Gossip spreads quickly in the town of 22,000 people, and Cipriani's
two failed marriages were well-known. Some chalked them up to bad
choices. Italians have an expression, "E' più facile sposarsi male che
mangiare bene." It's easier to marry badly than to find a good meal.
But people in town say Cipriani was a different man this time. He
arrived alone and bloated. He had gained weight and his hair was cut
close to his head. From a distance, he looked bald.
"I didn't recognize him at first so I went outside the bar and he told
me he was here to see his mother," said Carlo Tanzini, who runs a
local bar.
On Aug. 15 and Aug. 21, Cipriani called his boss at Lepel Cap Sealing
in New York. His supervisor, Laurie Zettwoch, told police Cipriani
claimed he was in Italy caring for his sick 80-year-old mother and he
didn't know when he'd be back to work. She fired him days later, his
absence being the last straw in a series of insubordinate behaviors.
Cipriani remained in Ceccano the entire month of August, emerging from
his mother's house for a morning espresso at Cafe Tanzini and short
walks to Via Madonna Della Pace, where his sister, Vittoria, lives
with her husband and two children.

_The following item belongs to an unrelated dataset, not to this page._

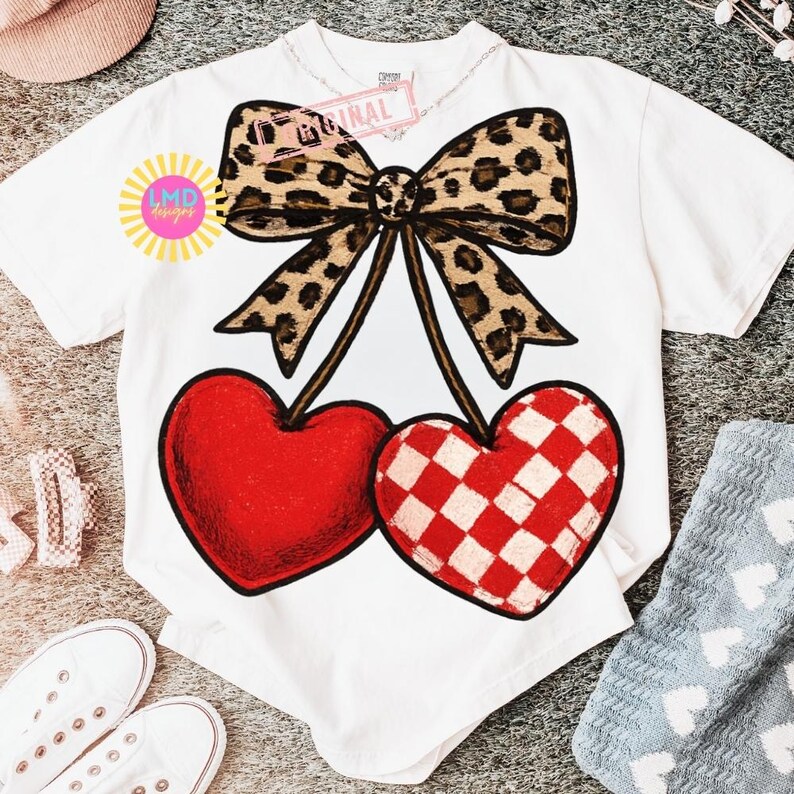 May include: White t-shirt featuring a large graphic of two cherries. One cherry is solid red, the other is red and white checkered. A leopard print bow sits above the cherries. The shirt has the text "Original" and "LMD designs".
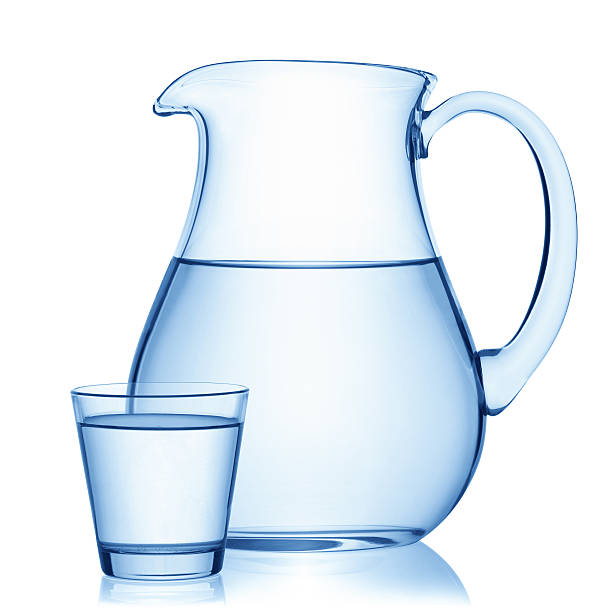 istock Pitcher and a glass of water. 484285526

A few times, he drove to Terracina,
a nearby beach town, to visit a male friend.
Every few days he bought Merit 100s cigarettes and international phone
cards from Giovanni Giorgi's tobacco shop.
Giorgi said Cipriani always came into the shop with a black computer
bag. He was struck by Cipriani's heavy Italian American accent.
"You'd think he'd lose his Italian accent after living in America for
20 years," Giorgi said.
Then Cipriani went home to search for women on the Internet.
In late September, Cipriani logged onto Match.com. A woman in Sora, a
town 20 miles away, had sent him an e-mail message.
It was Anna Cellucci.
They spoke on the telephone several times a week before meeting at
Cellucci's apartment, which she shares with her two children. Cipriani
told her he wanted a long-term relationship. He told Cellucci that
Shelley Stears had taken him for a ride, then left him after he bought
her the house in Meriden. The affair was over; there was no reason to
return to the United States.
As they dated through the fall, Cipriani charmed Cellucci's
12-year-old son by taking an interest in the boy's fascination with
American racing bikes. He took Cellucci to Ceccano to meet his mother
and sister and to visit his father's grave. He bought her jewelry and
a cellphone, and sometimes called her 10 times a day just to say hello
or ask if she needed anything from the market.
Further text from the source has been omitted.